START Data under study

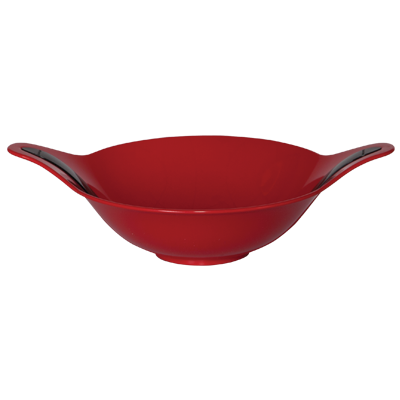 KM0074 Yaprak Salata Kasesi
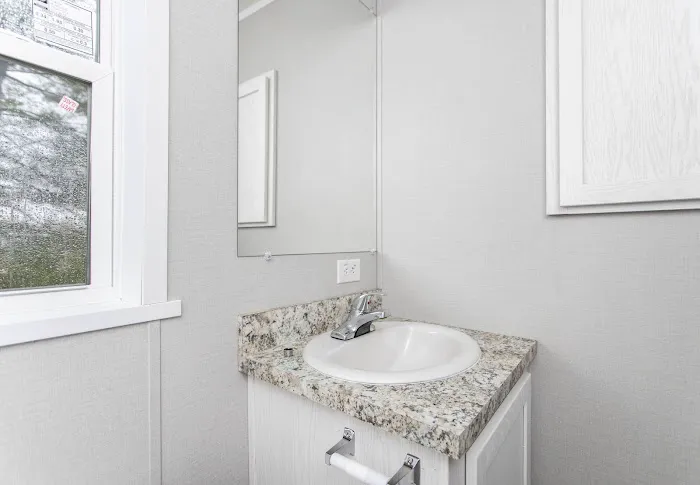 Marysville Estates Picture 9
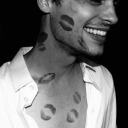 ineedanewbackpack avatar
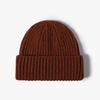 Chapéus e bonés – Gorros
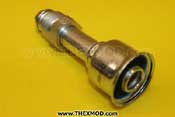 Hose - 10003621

END Data under study

Required action: From the line holding "ineedanewbackpack avatar" to the final line of the data above, give each line again exactly, both ends included, and drop the pictures.

Result for this exercise:
 ineedanewbackpack avatar
 Chapéus e bonés – Gorros
 Hose - 10003621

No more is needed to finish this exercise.